Sie kann schon sehen, dass es für ihn durchaus eine große Sache ist. Sie fragt sich, wie vielen Männern – egal welchen Alters – sie ein Angebot machen müsste, bevor einer ablehnen würde. Einer ganzen Menge, da ist sie sicher, und nicht zum ersten Mal fragt sie sich, warum Männer so … armselig sind.

»Ich sollte meinen Kumpels Bescheid sagen.«

»Ernsthaft

»Na ja, muss auch nicht sein.« Nochmals nimmt der Junge einen schnellen Schluck von seinem Alkopop. »Ist wahrscheinlich nicht so wichtig.«

Vielleicht ist armselig ein etwas zu drastischer Begriff, denkt sie. In Wahrheit glaubt sie nicht, dass Frauen notwendigerweise wählerischer sind als Männer, sondern dass sie nur gern so tun, als ob. Es ist einfach so, dass eine Frau, die dringend Sex haben will, praktisch nur jemanden fragen muss. Okay, vielleicht wägt sie die zur Verfügung stehenden Optionen etwas gründlicher ab als ein Mann in einer vergleichbaren Situation, aber letztlich muss sie bloß zugreifen. Männer wirken dagegen … wahlloser, weil sie sich stärker bemühen müssen und an Zurückweisungen gewöhnt sind. Also lehnen sie ein Angebot, das ihnen irgendwie in den Schoß fällt, selten ab.

Der Lauf der Dinge, oder?

So wie ein Hund alles frisst, was man ihm vorsetzt, weil es die letzte Mahlzeit sein könnte, die er bekommt.

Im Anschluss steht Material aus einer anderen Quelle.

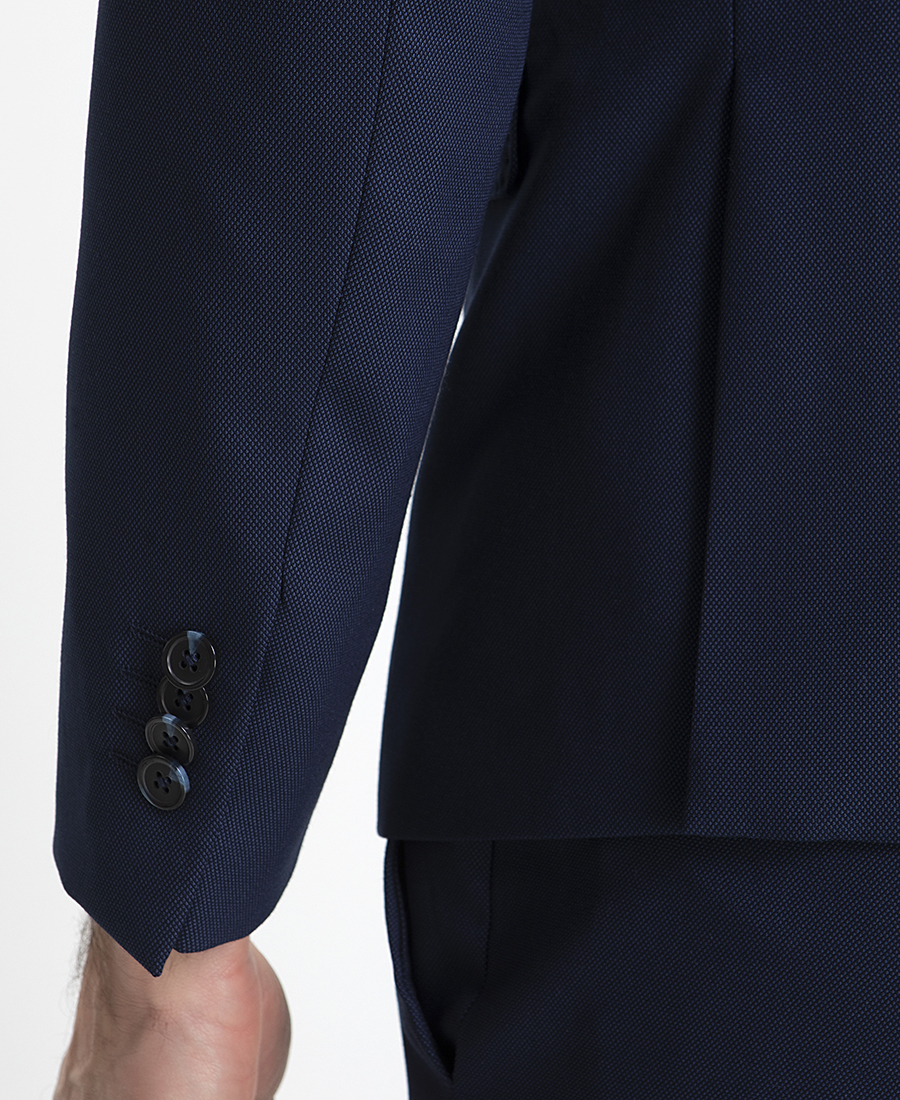 Donini Ανδρικό Κοστούμι με Μικροσχέδιο Slim Fit φωτογραφία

»Was glauben Sie, wie lange wir unterwegs sind?«

Natürlich ist ihr klar, dass sie immer noch abhauen kann. Sich eine andere Bar suchen und einfach ein, zwei Gläser trinken. Ihr Plan ist gut, das weiß sie, er funktioniert, vielleicht reicht es also schon, bis hierhin gekommen zu sein.

»Also …«, sagt sie.

Sie weiß, dass es manchen Leuten reicht, so nahe ranzukommen und zu wissen, dass sie es hätten tun können, wenn sie gewollt hätten.

Ihr hingegen reicht es nicht. Nicht jetzt.